The competition may have grown over the years, and VMware may not enjoy quite as large a lead as it once did — but it still enjoys a lead. With useful improvements to a number of key features, as well as the bundling of functions such as backup and recovery that were previously available separately, vSphere 6 is a worthy addition to the vSphere line. That said, some of the major advances in this version, such as long-distance vMotion, will matter most to larger vSphere shops.
Big changes in vSphere 6
The big changes in vSphere 6 revolve around expanded resource limits, enhanced vMotion capabilities, a more complete version of the Linux-based vCenter Server Appliance, storage offloading, and enhancements to the Web client. In addition, VMware has bundled extra technologies into vSphere 6, such as the vCenter Director content library that is used to store ISO images, templates, scripts, OVF files, and other elements, and to automatically distribute them across multiple vCenter servers.

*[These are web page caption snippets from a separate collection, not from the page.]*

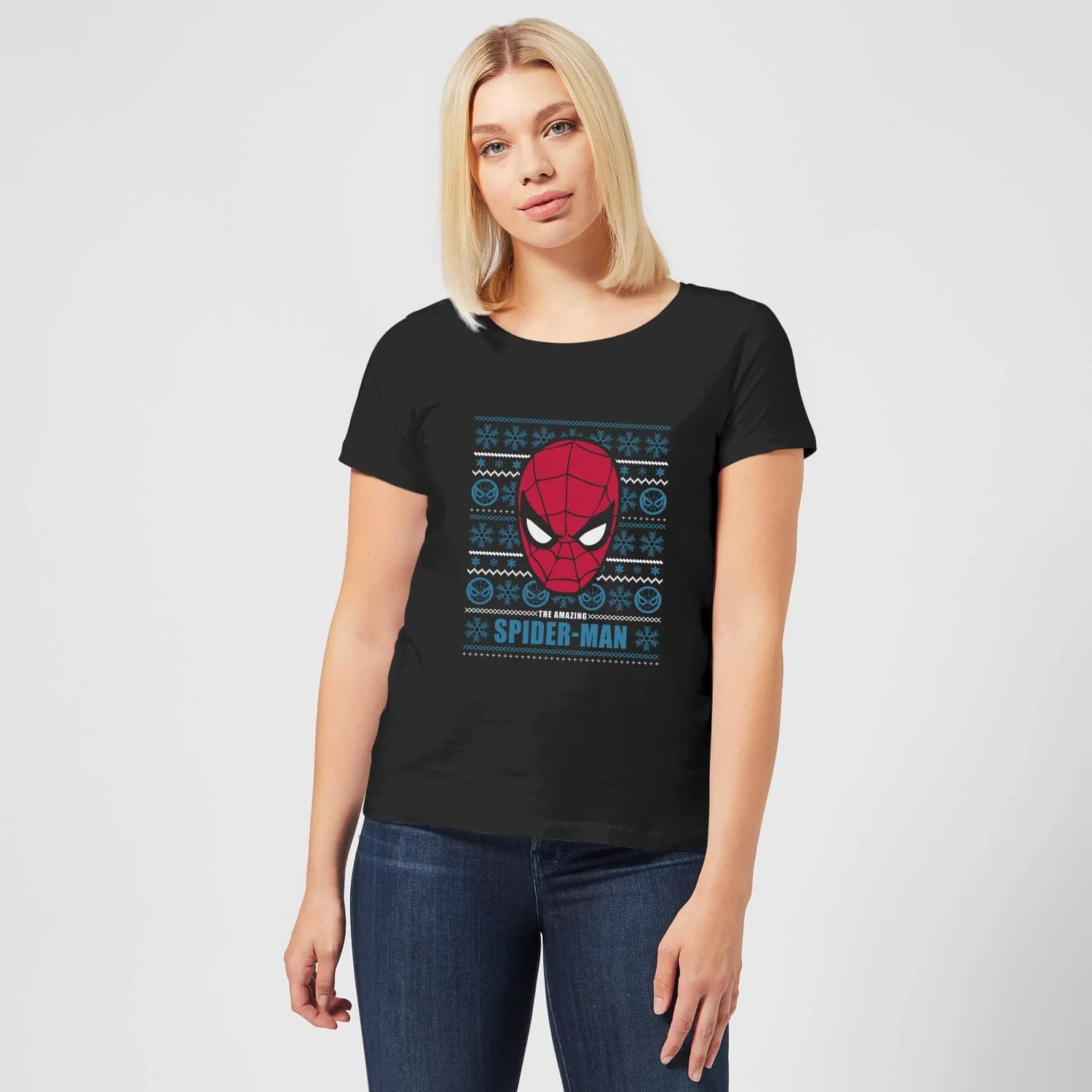 Marvel Spider-Man Women's Christmas T-Shirt - Black 5 Marvel Spider-Man Women's Christmas T-Shirt - Black - Image 3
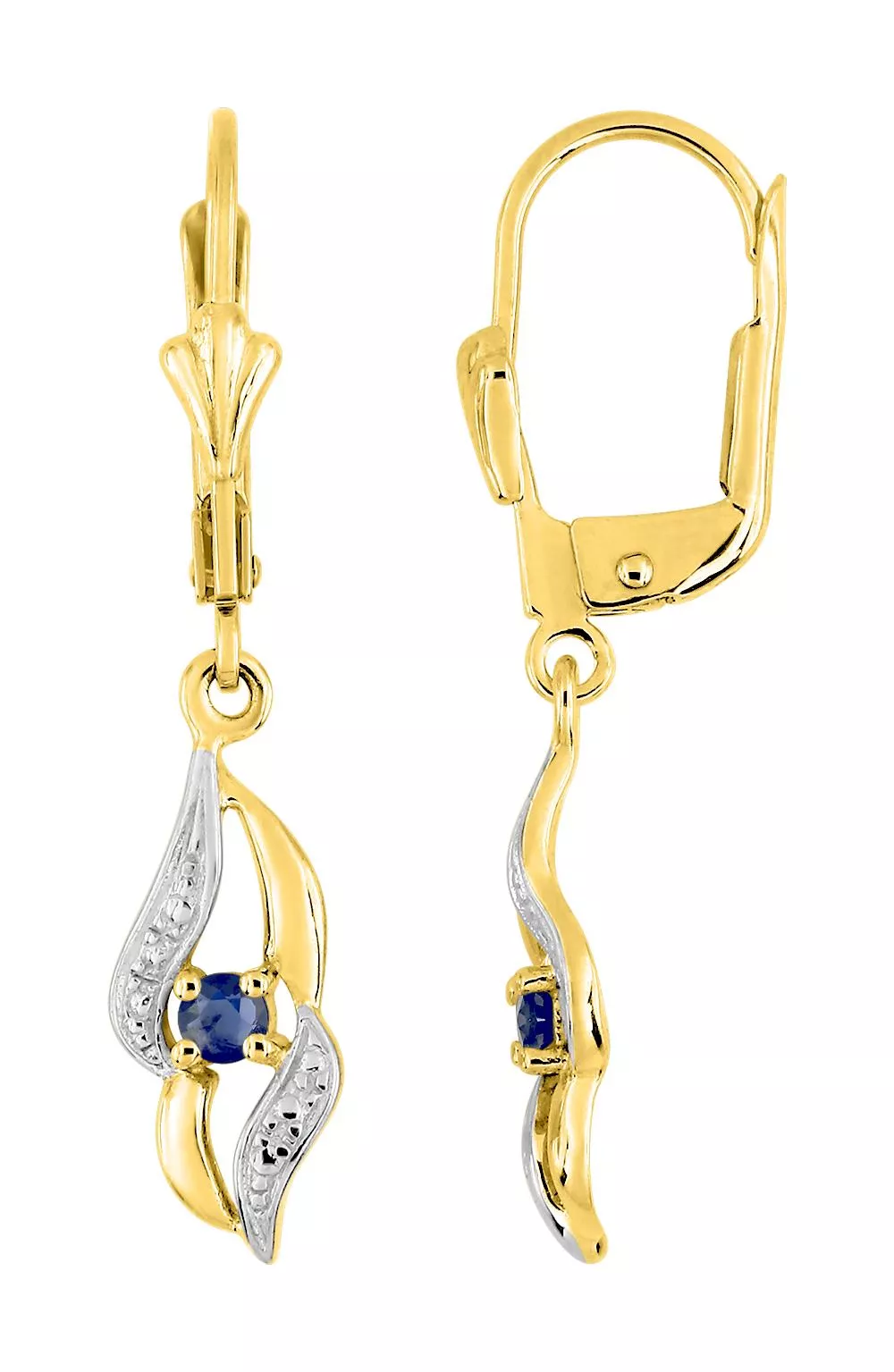 Boucles d'oreilles Dormeuses Or Cirinne Saphir - Boucles d'oreilles en Or 750 18k - Bijoux en Vogue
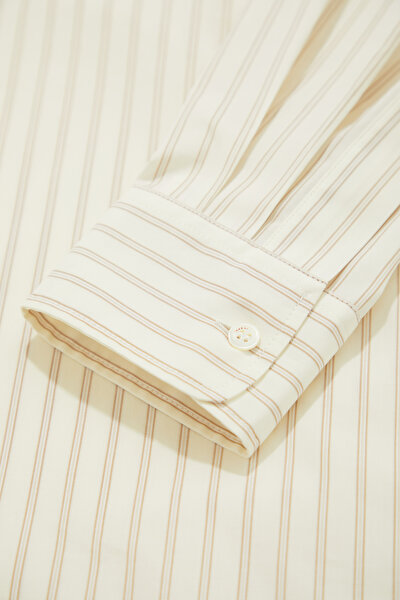 CREAM STRIPED PATTERNED LONG SLEEVE BLOUSE 5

The Data Protection Advanced backup and recovery tools are now included as well.
VMware vSphere 6 offers advances in the previously existing Fault Tolerance feature. Fault Tolerance is the technology by which a single VM can have presence on multiple physical servers simultaneously. Should the physical server running the active instance fail, the secondary instance is immediately activated. Without Fault Tolerance, the VM could be automatically restarted on another host, but would require time to detect the failure and boot on the new host. With Fault Tolerance, that step is avoided.
In previous versions of vSphere, Fault Tolerance supported only a single vCPU per VM and four fault-tolerant VMs per host. In vSphere 6, the limits are now four vCPUs per VM and either eight vCPUs or four VMs per host.
The vMotion improvements will be more germane to those with multiple data centers spread over wide geographic areas. Prior to vSphere 6, live-migrating VMs over large distances was problematic and required high bandwidth and low-latency connections to succeed. In vSphere 6, the network tolerances have been extended, and vMotions can now be completed over links with 100ms latency or less, requiring 250 megabits of bandwidth per vMotion.
In addition, VMs can be vMotioned between vCenter servers, and with a proper underlying infrastructure, vMotions can be completed without common shared storage. There are restrictions that come with these expanded capabilities, mostly in the form of proper network layouts at each side to allow for proper communication of the VMs on each network.